The decision at the G20 summit is also a pointer to Nigeria that it is time to begin to watch our expenditure and consumption habit. The 2010 budget has a deficit of 5 per cent of GDP. Although at N3.95billion or 15 percent of GDP compared with 40 percent acceptable globally, the nation’s debt level is still tolerable; but there is the need for caution. We note that there is nothing wrong with deficit financing per se. Even the United States, in spite of its huge resources is the biggest debtor in the world. The difference, however, is that in the case of the US, the money is invested in productive sectors that are capable of creating employment for citizens. In our own case, such monies are often wasted, which explains why about 70 percent of the nation’s budget is recurrent while capital expenditure that drive investment and growth is not given priority. After exiting the Paris Club debt trap, a couple of years back, the nation should not grope into debt darkness anymore.

We commend the current government practice of financing deficits through the issuance of bond as against the old practice of ways and means. This has helped to moderate inflation. And it should be continued. But we recommend that budgets in Nigeria should be targeted at investment in priority areas that can stimulate growth and development.
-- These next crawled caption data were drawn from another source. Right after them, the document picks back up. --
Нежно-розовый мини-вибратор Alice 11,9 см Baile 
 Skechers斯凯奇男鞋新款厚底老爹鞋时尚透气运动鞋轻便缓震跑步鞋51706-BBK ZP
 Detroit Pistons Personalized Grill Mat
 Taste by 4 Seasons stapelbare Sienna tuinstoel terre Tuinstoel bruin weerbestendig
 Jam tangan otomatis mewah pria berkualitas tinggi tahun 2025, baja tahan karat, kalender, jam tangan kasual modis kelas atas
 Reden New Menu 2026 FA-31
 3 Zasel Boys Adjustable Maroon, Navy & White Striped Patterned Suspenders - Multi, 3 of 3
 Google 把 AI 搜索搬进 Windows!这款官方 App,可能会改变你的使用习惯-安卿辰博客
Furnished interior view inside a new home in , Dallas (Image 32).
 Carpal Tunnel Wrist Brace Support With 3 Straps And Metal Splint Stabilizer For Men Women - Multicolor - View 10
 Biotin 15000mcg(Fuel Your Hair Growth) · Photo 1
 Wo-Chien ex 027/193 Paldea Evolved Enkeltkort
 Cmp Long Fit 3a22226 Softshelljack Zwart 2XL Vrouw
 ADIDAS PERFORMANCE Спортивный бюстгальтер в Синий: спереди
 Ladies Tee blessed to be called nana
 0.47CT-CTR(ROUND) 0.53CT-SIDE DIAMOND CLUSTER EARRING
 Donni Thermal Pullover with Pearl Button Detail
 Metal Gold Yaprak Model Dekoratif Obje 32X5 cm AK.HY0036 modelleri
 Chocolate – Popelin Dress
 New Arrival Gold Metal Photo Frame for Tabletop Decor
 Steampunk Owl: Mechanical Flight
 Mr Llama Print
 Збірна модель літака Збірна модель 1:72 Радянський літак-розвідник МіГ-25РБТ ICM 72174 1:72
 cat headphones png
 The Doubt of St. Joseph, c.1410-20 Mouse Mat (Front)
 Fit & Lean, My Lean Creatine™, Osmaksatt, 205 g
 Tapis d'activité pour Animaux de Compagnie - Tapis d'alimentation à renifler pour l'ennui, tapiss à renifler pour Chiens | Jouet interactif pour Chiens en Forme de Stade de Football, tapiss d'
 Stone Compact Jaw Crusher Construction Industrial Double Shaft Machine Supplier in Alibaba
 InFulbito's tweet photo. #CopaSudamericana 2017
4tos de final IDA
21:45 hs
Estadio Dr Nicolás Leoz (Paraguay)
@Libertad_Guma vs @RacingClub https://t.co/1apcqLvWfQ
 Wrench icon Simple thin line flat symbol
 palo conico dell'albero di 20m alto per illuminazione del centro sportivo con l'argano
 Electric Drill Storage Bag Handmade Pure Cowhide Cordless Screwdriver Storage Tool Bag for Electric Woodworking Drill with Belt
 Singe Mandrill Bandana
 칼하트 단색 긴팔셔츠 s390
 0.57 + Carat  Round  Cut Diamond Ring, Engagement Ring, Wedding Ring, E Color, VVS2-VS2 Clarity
Much as foreign debts may be necessary, it should be taken at concessionary terms and money invested in projects that contribute directly to the growth of the economy.

The nation’s political system is expensive with various chains of cost centres that don’t contribute the economy. Therefore, budgets targeted at meeting political objectives should be avoided. Emphasis should be on infrastructure development, real sector growth and job creation. There should be deliberate efforts at setting targets and ensuring that implementation of budgetary allocations are strictly monitored

Furthermore, local contractors are owed N3.23 trillion and efforts should be made to clear this, preferably through debt securitisation. This is important because often government brags about maintaining manageable debt level without considering the huge local debt. We believe if this segment of the debt is properly managed, the economy will be better for it.

To put a tab on the nation’s expenditure, we submit that there should be an overhaul of our budgeting system and the nation’s resources deployed for wealth creation, growth and development. At 11 percent, inflation is a threat to Nigeria’s economic stability and frivolous expenditure must be discouraged.